--- EXTRACTED MATERIAL ---

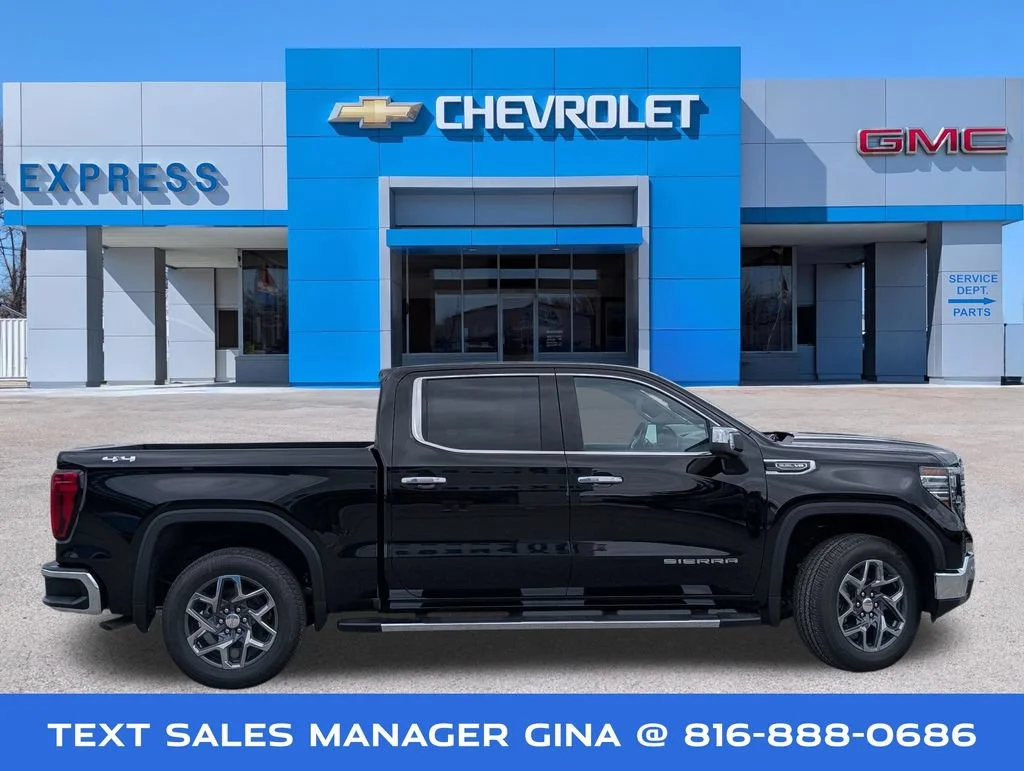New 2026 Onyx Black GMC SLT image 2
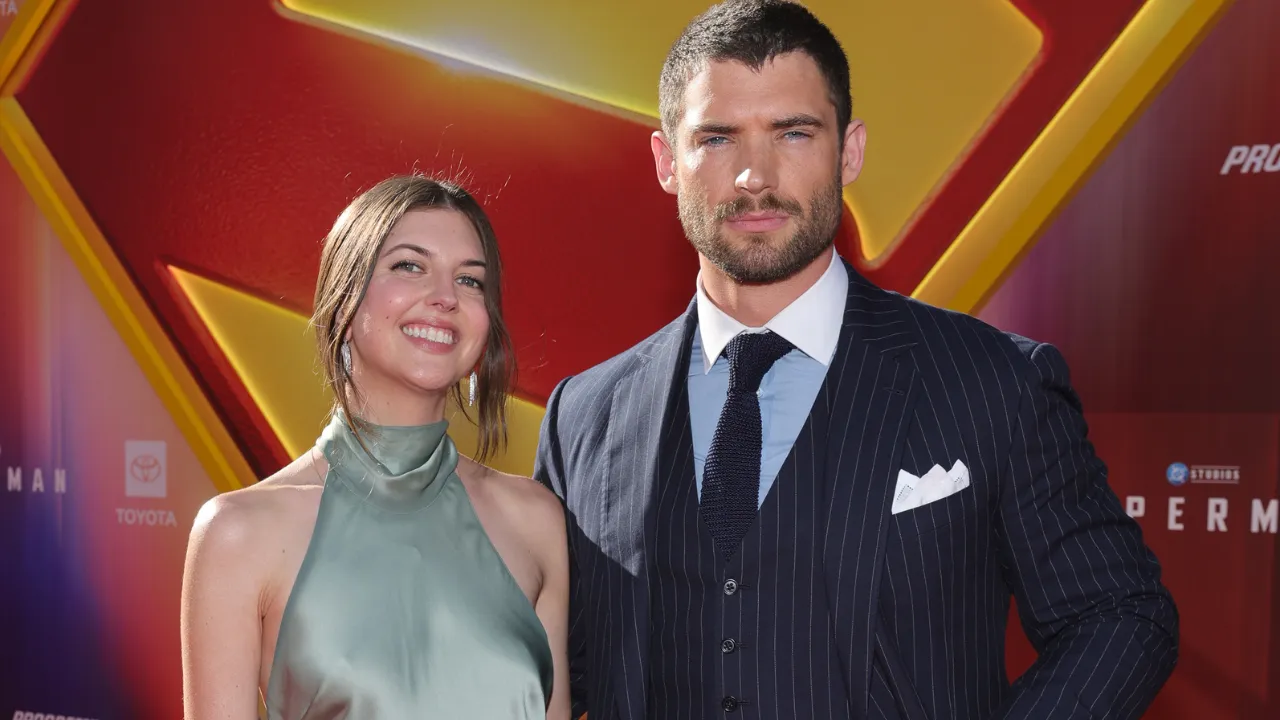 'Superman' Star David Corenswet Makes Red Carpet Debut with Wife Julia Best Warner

---
--- EXTRACTED MATERIAL ---

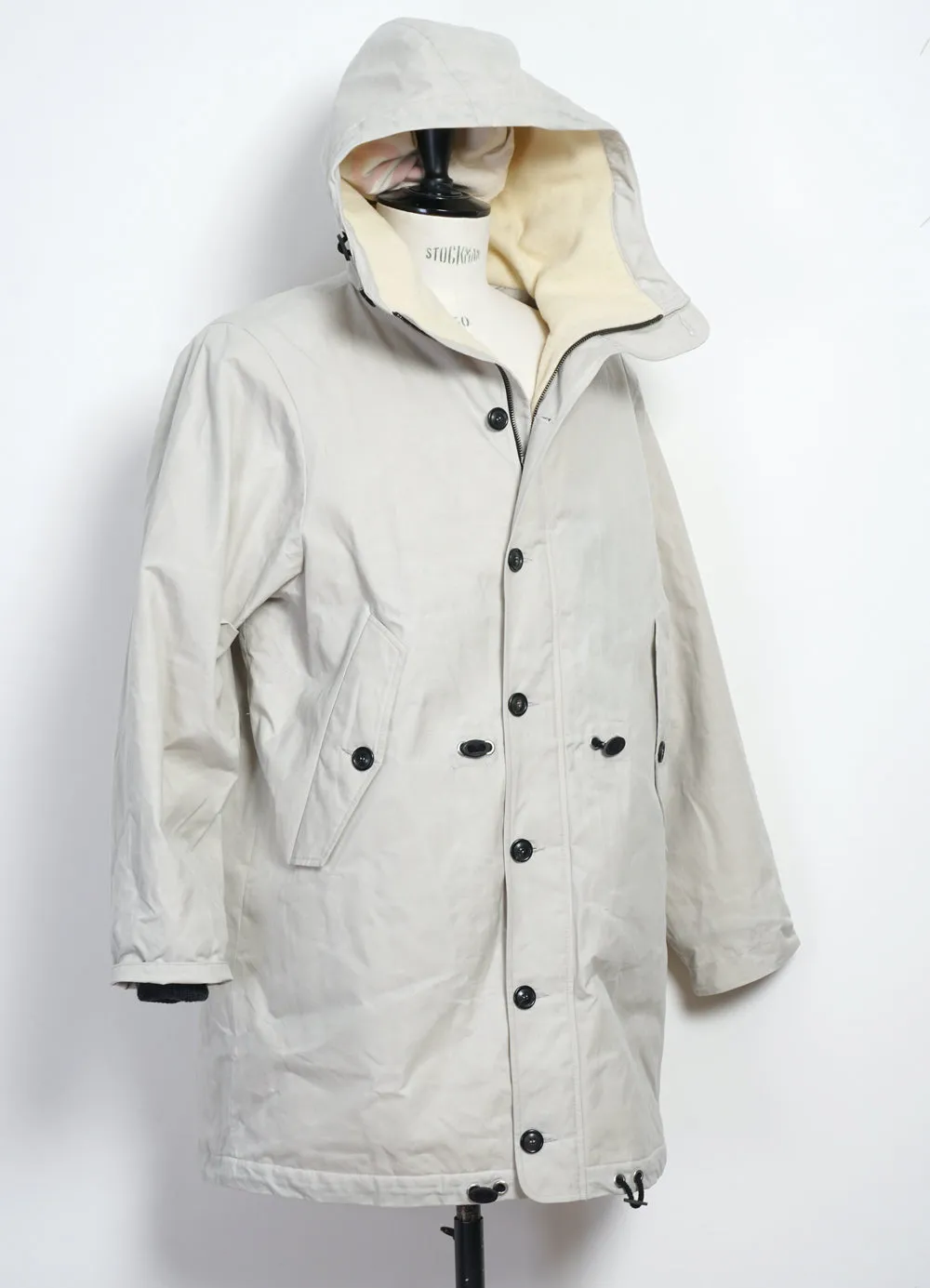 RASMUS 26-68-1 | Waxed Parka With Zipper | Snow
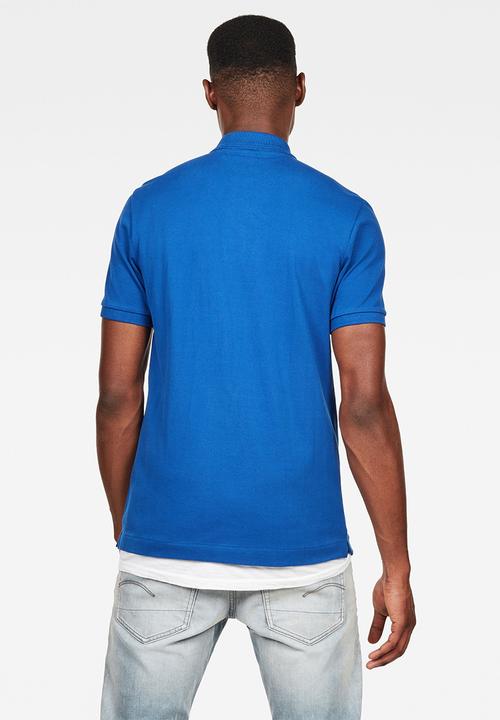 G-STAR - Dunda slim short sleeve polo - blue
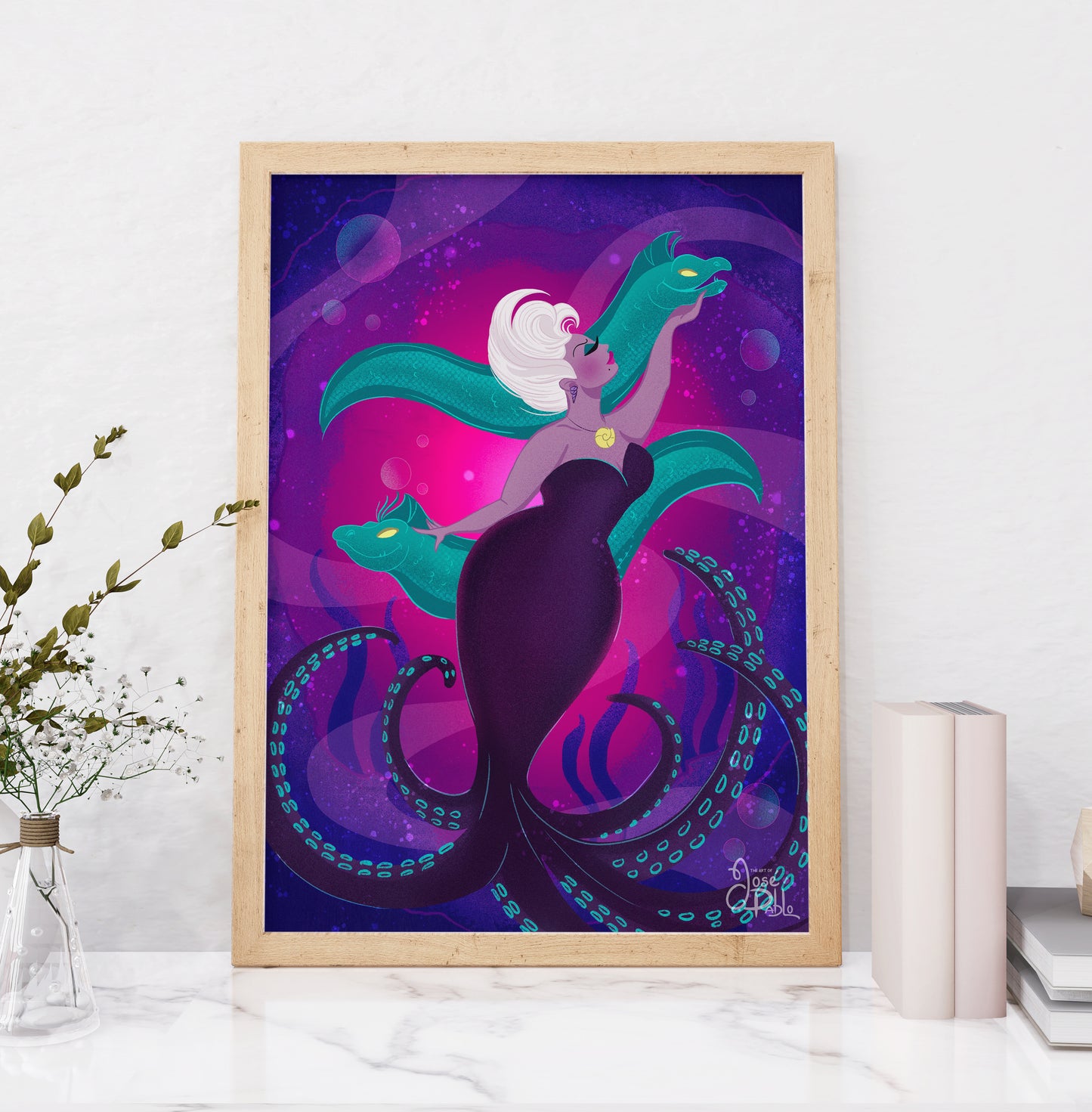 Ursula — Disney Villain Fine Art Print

---
--- EXTRACTED MATERIAL ---

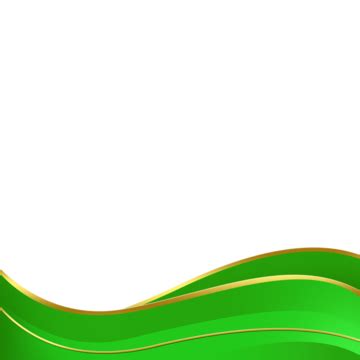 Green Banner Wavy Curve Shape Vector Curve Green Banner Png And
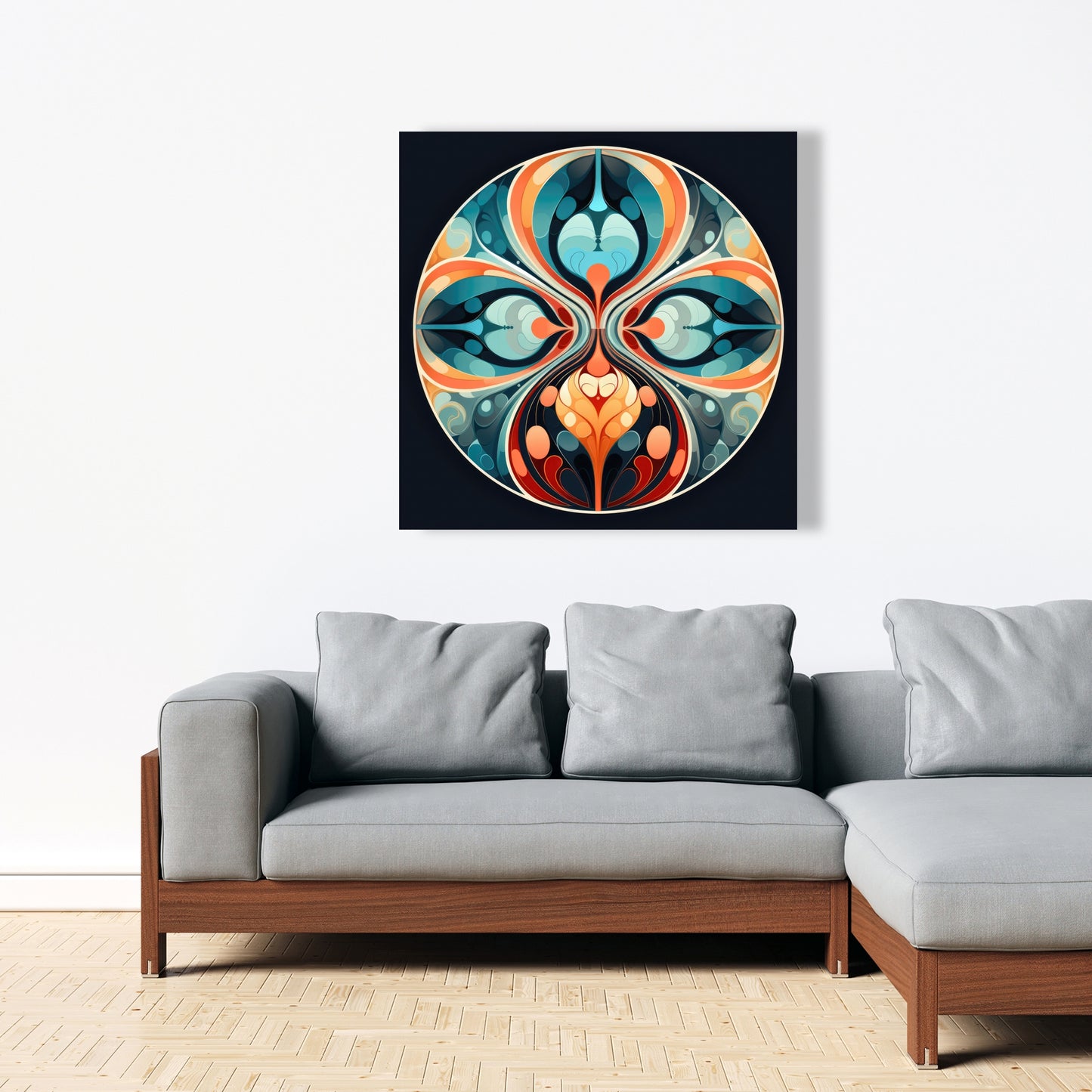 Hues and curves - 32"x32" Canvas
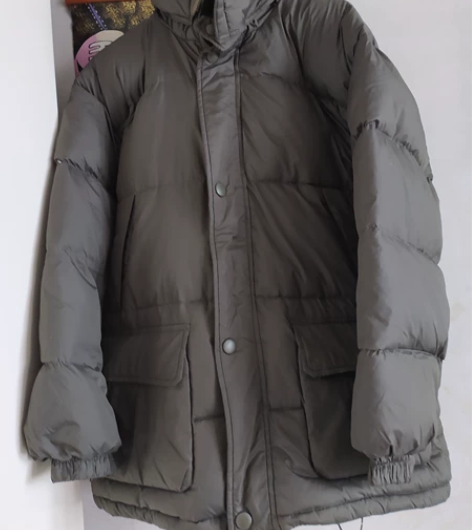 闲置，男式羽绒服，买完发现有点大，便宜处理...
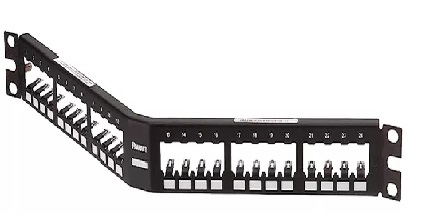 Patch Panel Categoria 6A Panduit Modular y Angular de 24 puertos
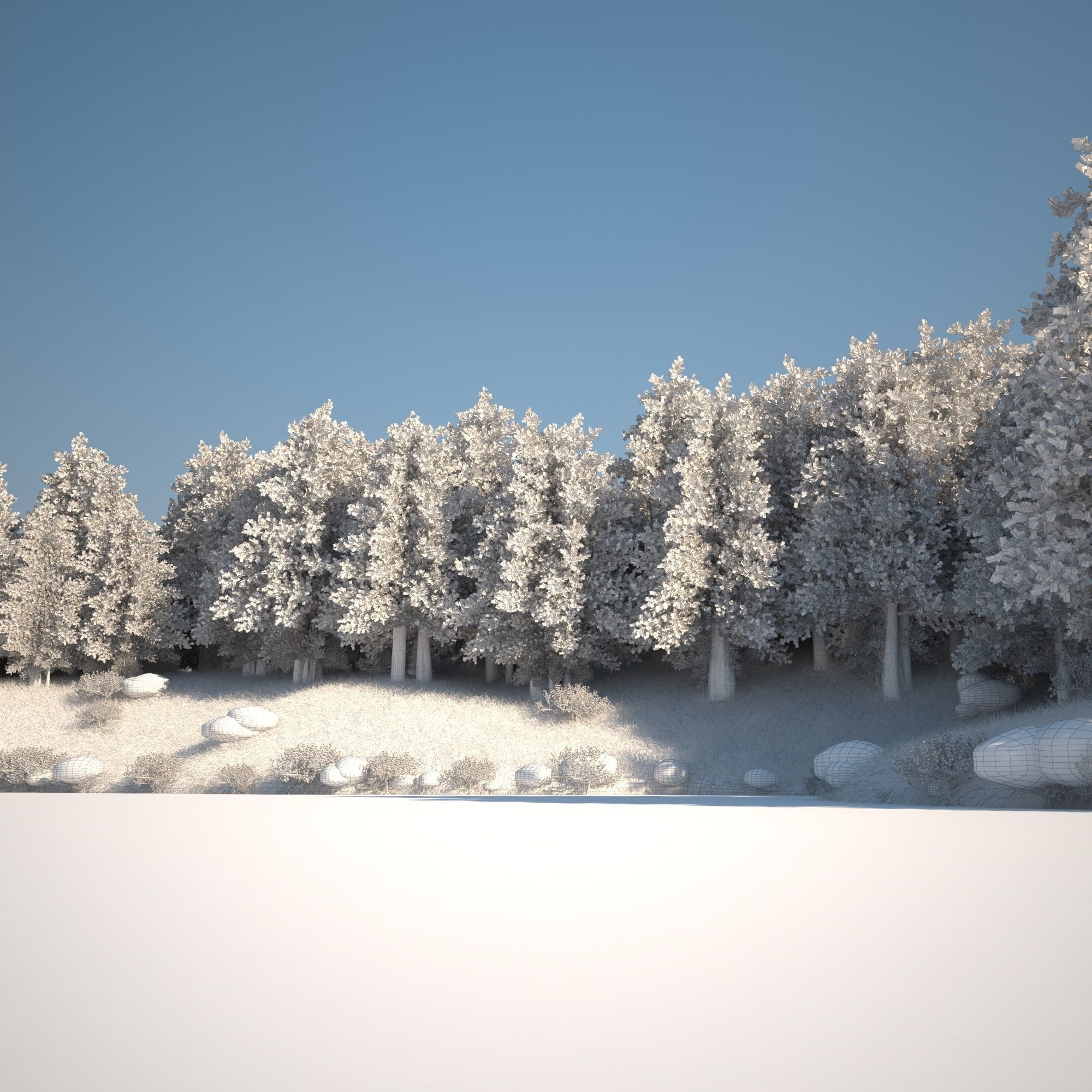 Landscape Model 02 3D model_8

---

■ **WHAT YOU SHOULD DO**: Once the line with "Patch Panel Categoria" is found above, transcribe each line from it through the line with "Landscape Model 02 3D model_8", exactly, and omit the pictures.

■ **RESULT FOR THIS EXERCISE**:
 Patch Panel Categoria 6A Panduit Modular y Angular de 24 puertos
 Landscape Model 02 3D model_8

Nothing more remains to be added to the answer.